A polemical talk accompanying a position paper by Karu Sankaralingam of UW-Madison suggested there is no parallelism problem today and that parallelizing applications for the multicore future is not necessary. A number of “synergistic” trends were outlined, including the rise of the cloud, and the emergence of multicore in support of the thesis. The premise being that hardware no longer drives software, and that multicore hardware is not everywhere. Thus we shall not all be parallel programmers, as parallelism is not necessary for the majority of cases. In a client/server world, updated for the cloud and connected devices, there is abundant concurrency at the server but precious little everywhere else.

Thus the vast majority of developers can use simple client Javascript and Ruby on Rails or Django where productivity is key, in order to raise the level of abstraction. While a tiny number (“1271”) of guru developers at the lowest levels of the software stack, operating systems and databases, can churn out increasingly complex concurrent code for the multicore server loads of the future. The iconoclastic talk understandably caused a minor ruckus in the room. There were no less than seven questioners lined up to challenge or pillory the speaker, who took it all in stride. It was mentioned by others that though chip throughput performance follows Moore’s Law, latency does not. Dr. Patterson noted that current devices already feature multiple cores, and he bet Karu that a future iPhone will sport 8-10 application programmable cores in a few years with developers taking advantage of their data parallelism in Objective C.

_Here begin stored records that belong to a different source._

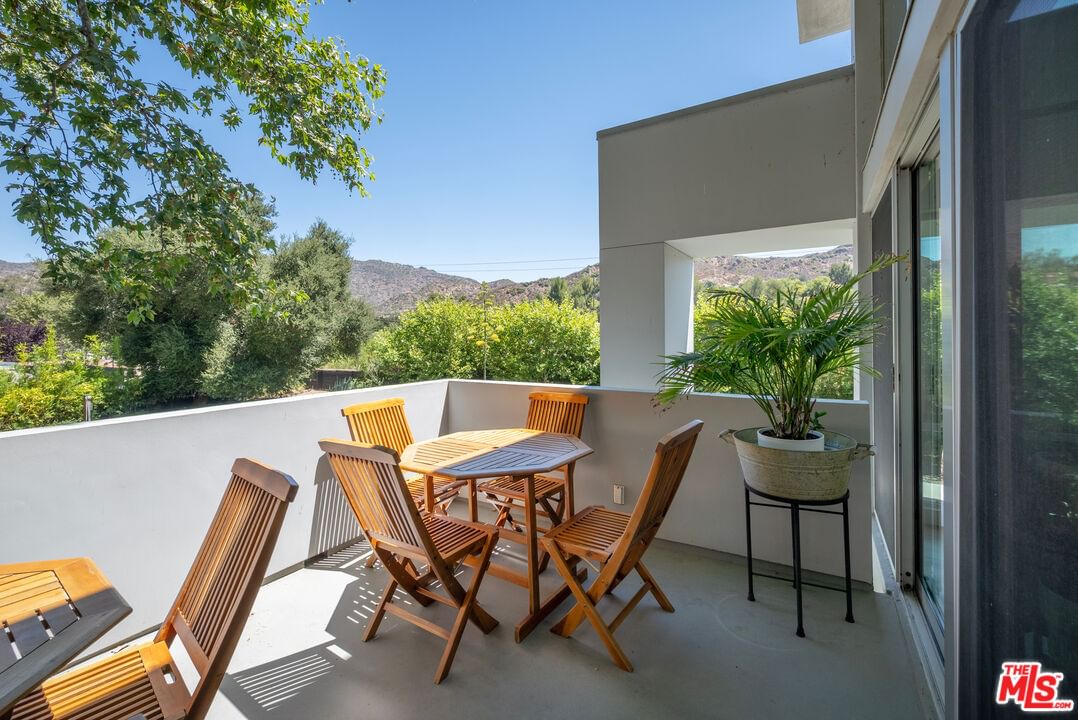 Mulholland photo 14
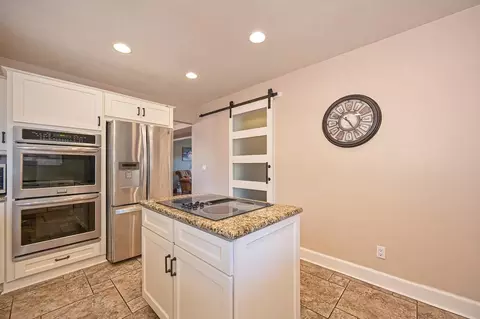Kitchen - 2579 Otter Trl, Cool, CA 95614 photo 3 of 4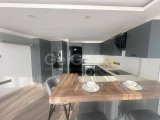 Girne Merkezde 2+1 Penthouse – Şıklık, Konfor ve Güvenlik Her Birinde Özel Banyo (Ensuite) Bulunan İki Yatak Odasına Sahip Modern Bir Penthouse. Konum: Girne Şe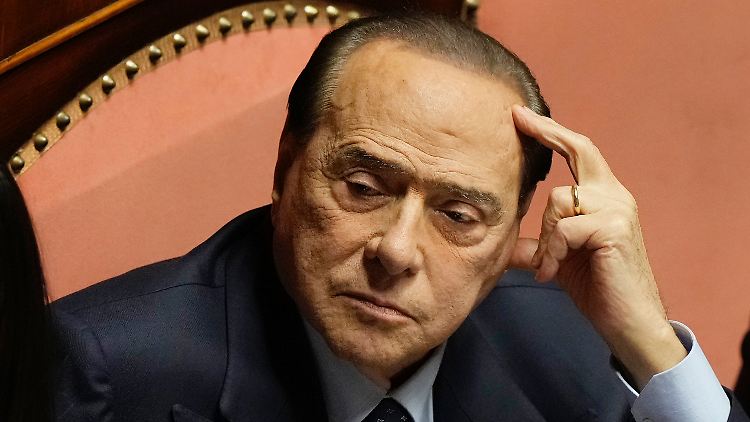 Berlusconi hatte in jüngerer Vergangenheit immer wieder mit gesundheitlichen Problemen zu kämpfen.
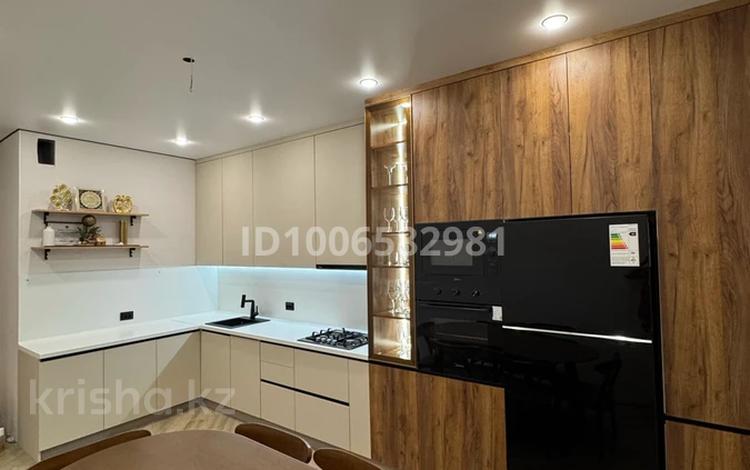 3-комнатная квартира · 103 м² · 5/9 этаж, Аль- фараби 20 — Каирбекова- аль-фараби за 67 млн ₸ в Костанае — фото 2
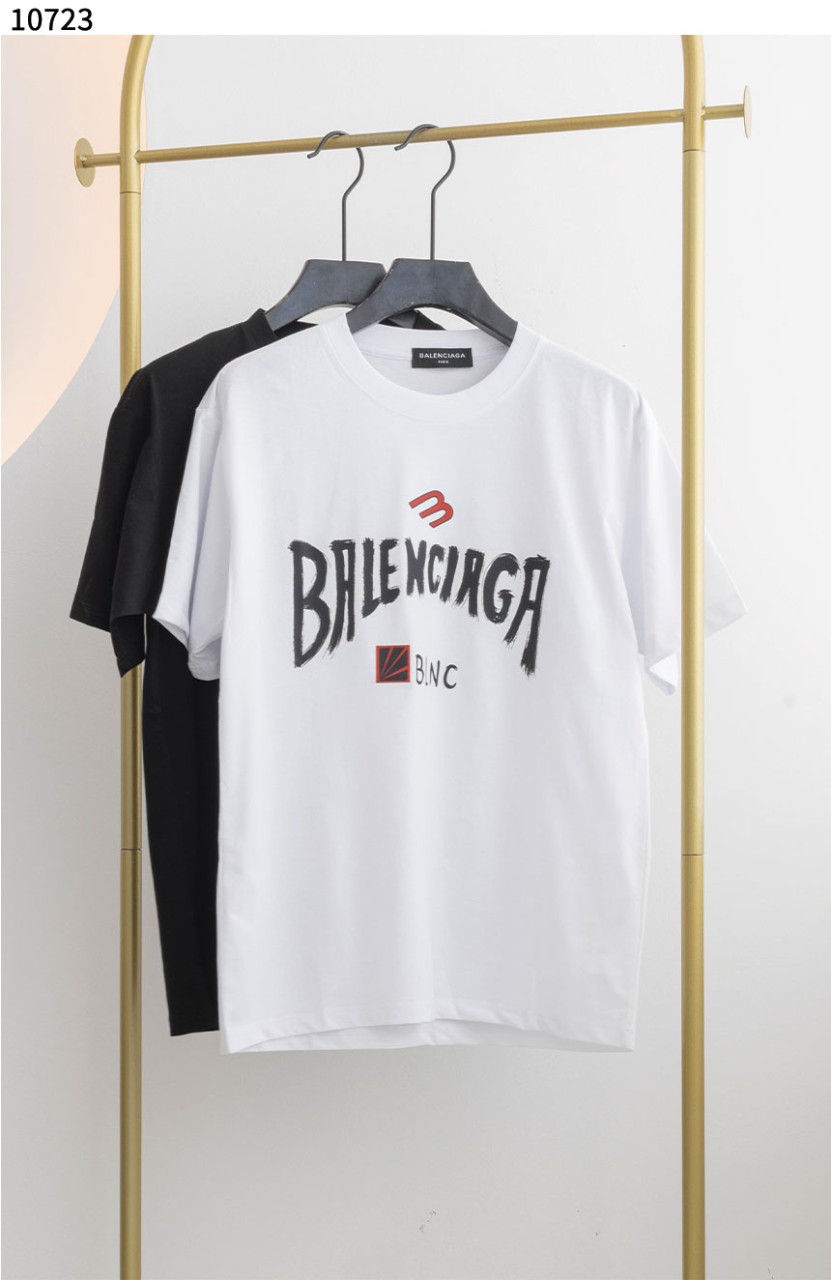발렌시아가 [BALENCIAGA] 발렌시아가 프린트 반팔 티셔츠 신상입고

Another criticism leveled was that by narrowly defining parallelism to cases where it is already established and nowhere else, the thesis does not make a novel point or consider that new areas benefiting from parallelism are likely to emerge. For example, how many processors does it take to power the Holodeck? Some academics in the audience were “shocked” at how unimaginative the speaker was. That being said, it takes a certain gumption to come before the altar of the church of parallelism and utter blasphemy to the assembled worshipers. Karu was jovial, even taking off an outer article of clothing to reveal a flame retardant shirt before the question and answer period commenced.